And I am her child, first born baby girl.

A mother child, too, giving her three fine grandboys a couple of decades ago.

And I want to say thanks, Mom. With gratitude that only a mother heart can know.

Thanks for all the nights you stayed up with me when I was so congested I could barely breath, frightened.

For making me toast and milky sweet tea in the pink cup, fluffing the pillows and tuning in Mayberry R.F.D. whenever I was home sick from school.

For studying spelling words which helped me win the fifth grade spelling bee at P.S. 5.

For bedtime stories of your youth whispered long into the dark.

For encouraging me to always seek the highest, work hard and be my best.  You were the wind beneath my wings for all my growing up years, helping me launch into life.

While there was Daddy darkness during childhood, you worked hard to provide a loving homelife with sweet and silly memories. And then you took on the responsibility of raising us alone…

I still remember cherry Kool-Aid, brings me right back to where it all began.  Where my story started. Where you birthed me into being, and then Theresa.

By the grace of God.

And now, reflecting on those years so long ago, I see a tiny me and Tree splashing in puddles during gentle summer showers.  Driveway blacktop steamy hot.  Wearing nothing but undies!  Giggling and holding joy in our hearts as we held each other’s hands.

You, our Tickle Monster, who would chase after us through the house and corner us on the couch and tickle us and we just couldn’t stop laughing.

Making Rexie, our smart and zany mutt, run like a wild coyote from one end of the house to the other, canine claws slipping on linoleum.  We stood by laughing, little hands clapping like crazy.  And when you tried to get him to settle, our loyal pet would snarl and give you a little growl, until you cornered him on the couch too, and held him tight.

There may have been tears along the way, but what fun we had!  You did such a wonderful job raising us.

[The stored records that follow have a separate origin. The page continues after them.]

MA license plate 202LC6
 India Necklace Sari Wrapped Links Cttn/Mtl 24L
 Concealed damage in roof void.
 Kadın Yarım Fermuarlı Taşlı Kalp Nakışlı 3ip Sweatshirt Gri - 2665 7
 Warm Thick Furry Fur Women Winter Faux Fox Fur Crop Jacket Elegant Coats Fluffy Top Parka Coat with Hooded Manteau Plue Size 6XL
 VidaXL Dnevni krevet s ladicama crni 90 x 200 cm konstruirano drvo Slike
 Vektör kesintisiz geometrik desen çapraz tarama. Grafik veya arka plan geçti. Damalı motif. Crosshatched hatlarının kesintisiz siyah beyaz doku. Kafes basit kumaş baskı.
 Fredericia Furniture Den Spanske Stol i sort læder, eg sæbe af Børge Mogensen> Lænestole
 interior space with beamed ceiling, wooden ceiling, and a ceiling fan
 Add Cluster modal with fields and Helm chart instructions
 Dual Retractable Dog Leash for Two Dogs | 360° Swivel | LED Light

And, when I was all grown up, with babies of my own, you stood by me when my own world came crashing down, through the subsequent years of darkness and mistakes, pain, loss and fear.

You were there listening, loving, helping, guiding.  Being my friend.

You are my beautiful mom, hand picked by God Himself. Coming from a long line of beautiful moms…your beloved mother, our dearest Ma, that I only knew till I was 10, and our darling Baba, your maternal grandmother from the Old Country, who got to see me wear a wedding gown.

All good women, hard working, with strong hearts that loved no matter what.  A beautiful legacy.

I pray, Mom, that I’ve done half as good a job raising my three sons as you did with me and my sister.  Carrying on in God’s grace and strength.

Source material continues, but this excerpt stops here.